Lift is a meteorological phenomenon used as an energy source by soaring aircraft and soaring birds. The most common human application of lift is in sport and recreation. The three air sports that use soaring flight are: gliding, hang gliding and paragliding.
Energy can be gained by using rising air from four sources:
- Thermals (where air rises due to heat),
- Ridge lift, where air is forced upwards by a slope,
- Wave lift, where a mountain produces a standing wave,
- Convergence, where two air masses meet
In dynamic soaring it is also possible to gain energy, though this uses differences in wind speeds rather than rising air.
Thermals are columns of rising air that are formed on the ground through the warming of the surface by sunlight. If the air contains enough moisture, the water will condense from the rising air and form cumulus clouds.
Thermal lift is often used by birds, such as raptors, vultures and storks. Although thermal lift was known to the Wright Brothers in 1901, it was not exploited by humans until 1921 by William Leusch at the Wasserkuppe in Germany. It was not until about 1930 that the use of thermals for soaring in gliders became commonplace.
Once a thermal is encountered, the pilot flies in circles to keep within the thermal, so gaining altitude before flying off to the next thermal and towards the destination. This is known as "thermalling". Climb rates depend on conditions, but rates of several meters per second are common.

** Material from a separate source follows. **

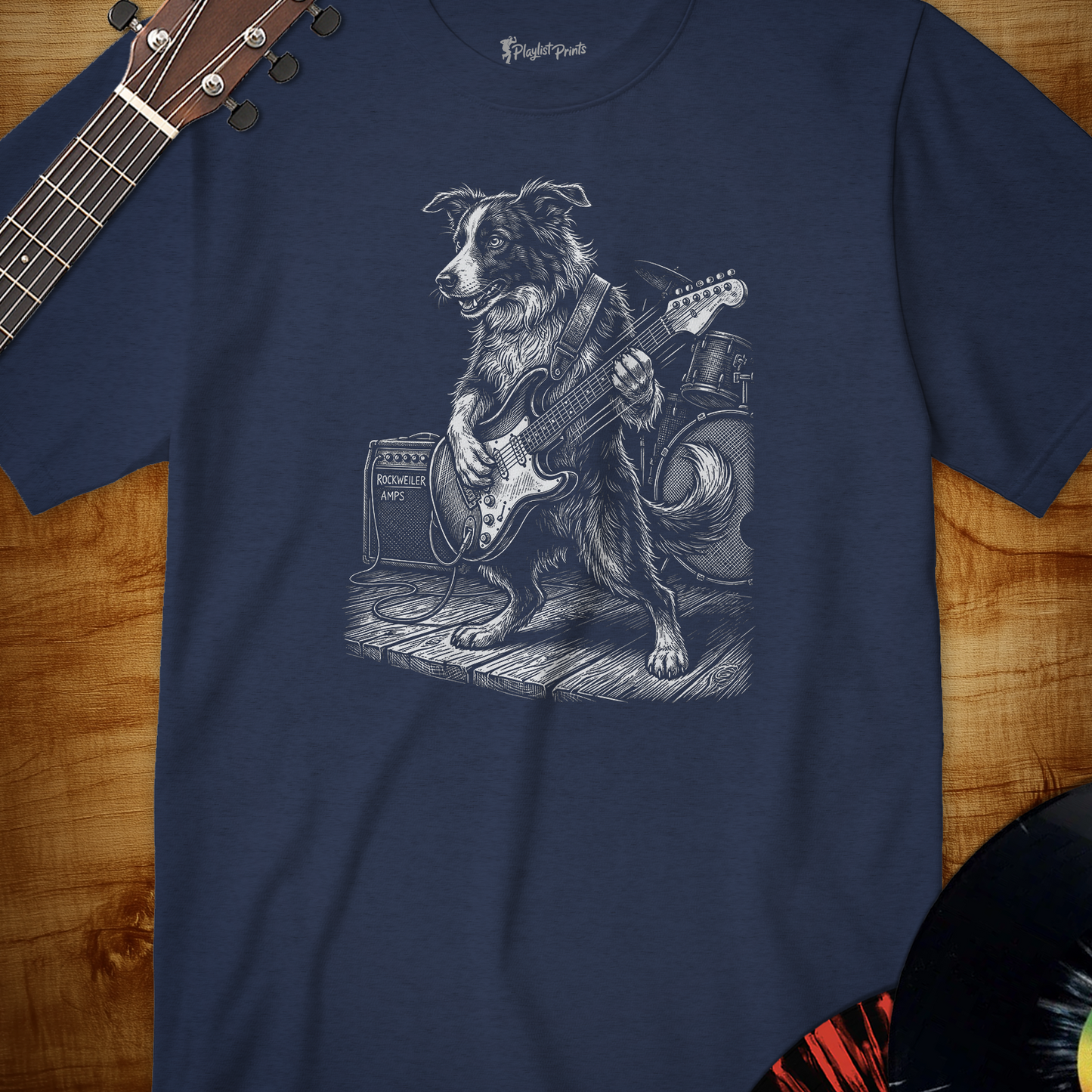 Dog Guitar Solo Tee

Thermals can also be formed in a line usually because of the wind or the terrain, creating cloud streets. These can allow flying straight while climbing in continuous lift.
When the air has little moisture or when an inversion stops the warm air from rising high enough for the moisture to condense, thermals do not create cumulus clouds. Typical locations to find thermals are over towns, freshly ploughed fields and asphalt roads, but thermals are often hard to associate with any feature on the ground. Occasionally thermals are caused by the exhaust gases from power stations or by fires.
As it requires rising heated air, thermalling is only effective in mid-latitudes from spring into late summer. Despite these limitations, it is the most common source of lift used by glider pilots, as ridge lift and lee waves require mountainous terrain, and may thus not be found near a given airfield. During the off-season, when thermals are weaker, ridge and wave lift can still be used and some pilots travel to more mountainous areas to fly.
Ridge lift, or Orographic lift, is caused by rising air on the windward side of a slope. Ridge lift is used extensively by sea birds and by aircraft. In places where a steady wind blows, a ridge may allow virtually unlimited time aloft.
In ridge lift, pilots typically fly long straight legs parallel to the ridge. If the maximum height of the lift is not achieved, the pilot may turn around and fly in the other direction above the same slope. With winds of 20 to 25 knots (46 km/h), it is possible for aircraft to soar at an altitude up to twice the height of the obstacle. Ridge lift can also be augmented by thermals when the slopes also face the sun.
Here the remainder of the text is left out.